■ WORK TASK
Nothing but text lines should be duplicated: start with the first line of the listing below and stop after the line holding "Hello there, this", omitting pictures.
────────────────────────────────────────
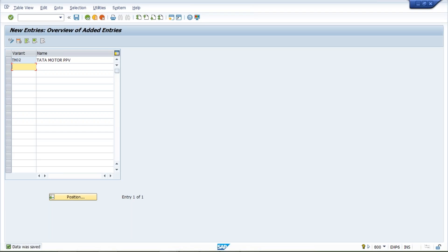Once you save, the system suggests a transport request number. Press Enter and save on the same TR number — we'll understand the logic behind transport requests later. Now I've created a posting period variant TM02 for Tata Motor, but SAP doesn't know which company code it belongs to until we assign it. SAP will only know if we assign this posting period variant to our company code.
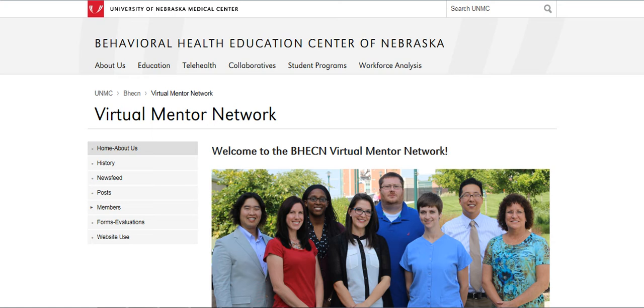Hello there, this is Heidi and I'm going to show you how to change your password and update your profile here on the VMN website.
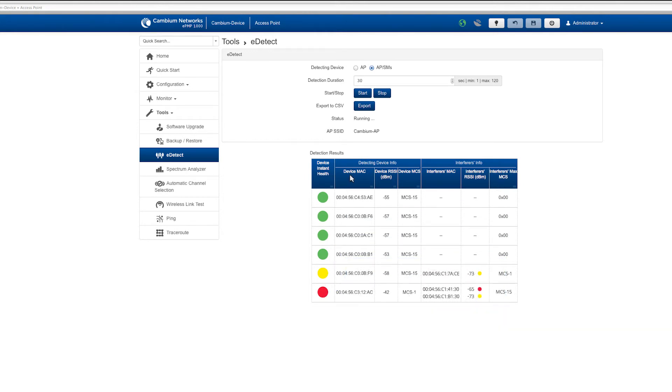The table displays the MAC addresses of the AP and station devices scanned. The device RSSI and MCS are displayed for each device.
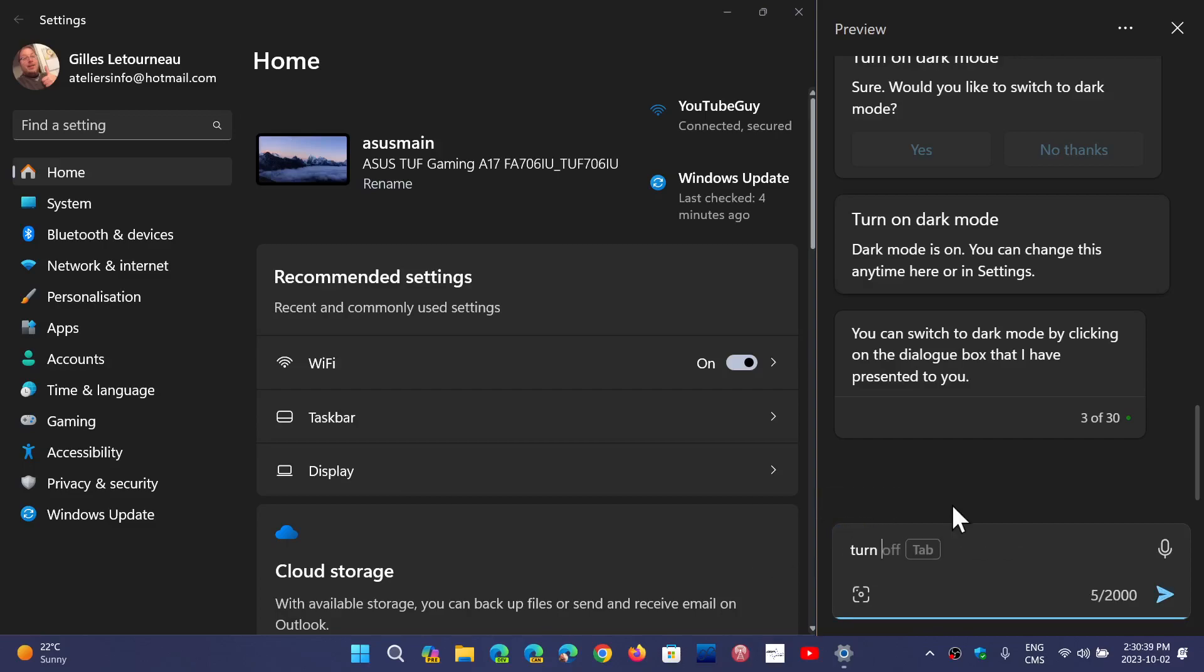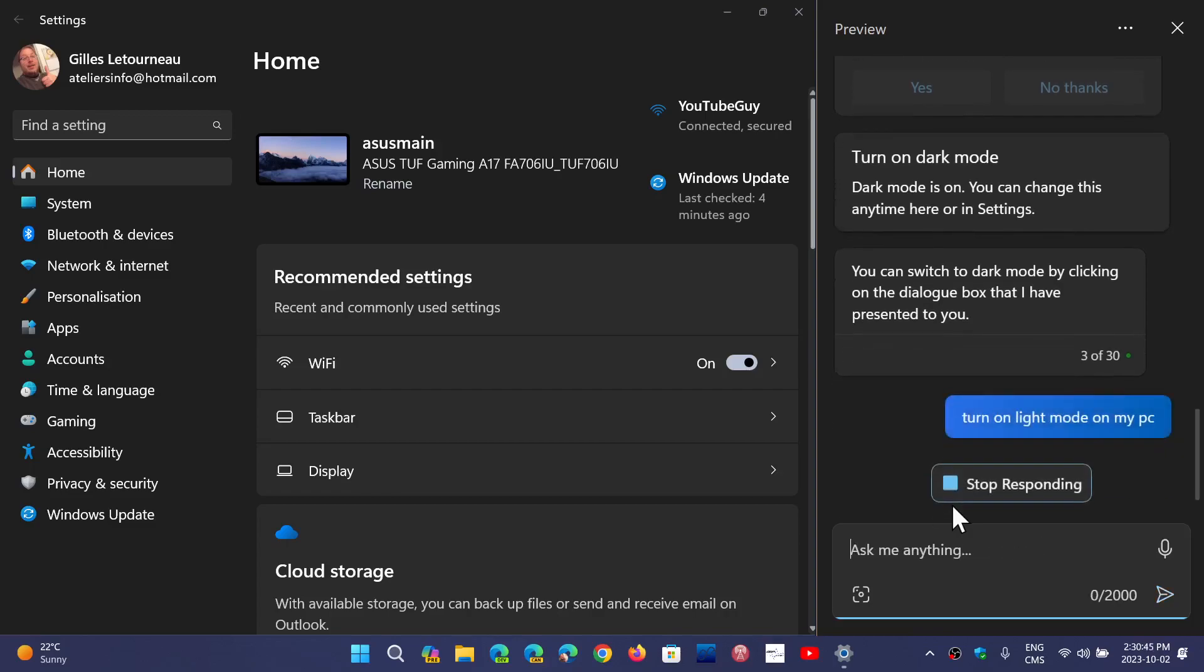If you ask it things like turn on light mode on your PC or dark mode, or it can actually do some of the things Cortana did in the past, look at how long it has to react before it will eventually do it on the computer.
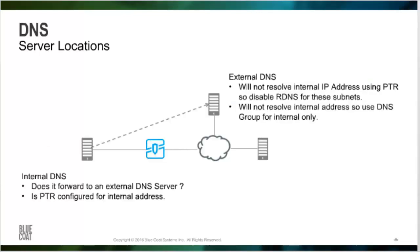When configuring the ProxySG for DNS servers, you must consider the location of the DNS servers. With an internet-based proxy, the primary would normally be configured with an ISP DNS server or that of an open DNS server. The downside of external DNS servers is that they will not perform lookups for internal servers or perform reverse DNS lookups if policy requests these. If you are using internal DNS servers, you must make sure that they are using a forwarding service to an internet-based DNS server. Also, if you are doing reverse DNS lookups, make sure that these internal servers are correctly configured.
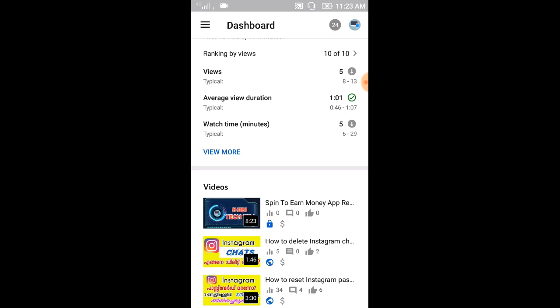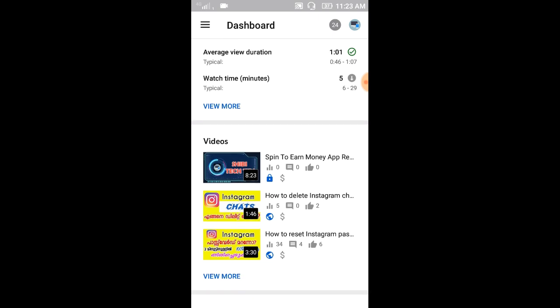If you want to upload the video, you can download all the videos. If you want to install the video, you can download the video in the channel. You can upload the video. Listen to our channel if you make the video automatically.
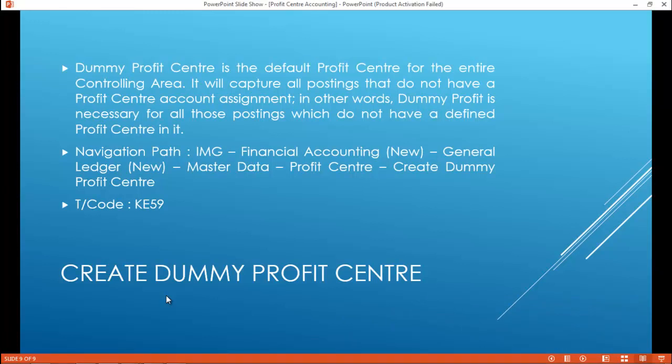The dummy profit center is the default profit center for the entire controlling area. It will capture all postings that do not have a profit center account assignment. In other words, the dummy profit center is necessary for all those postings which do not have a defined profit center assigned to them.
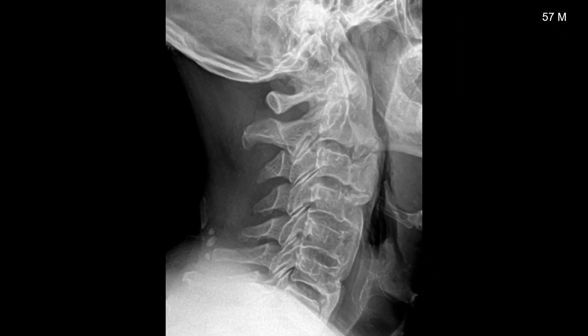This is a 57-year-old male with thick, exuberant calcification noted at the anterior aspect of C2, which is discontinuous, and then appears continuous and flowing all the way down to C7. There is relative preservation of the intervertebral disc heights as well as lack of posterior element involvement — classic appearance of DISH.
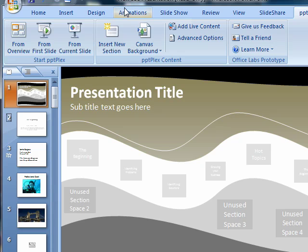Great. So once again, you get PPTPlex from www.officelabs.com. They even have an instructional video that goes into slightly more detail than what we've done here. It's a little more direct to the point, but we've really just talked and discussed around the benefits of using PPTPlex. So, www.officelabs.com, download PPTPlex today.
────────────────────────────────────────
■ FINISHED TASK
Once you save, the system suggests a transport request number. Press Enter and save on the same TR number — we'll understand the logic behind transport requests later. Now I've created a posting period variant TM02 for Tata Motor, but SAP doesn't know which company code it belongs to until we assign it. SAP will only know if we assign this posting period variant to our company code.
Hello there, this is Heidi and I'm going to show you how to change your password and update your profile here on the VMN website.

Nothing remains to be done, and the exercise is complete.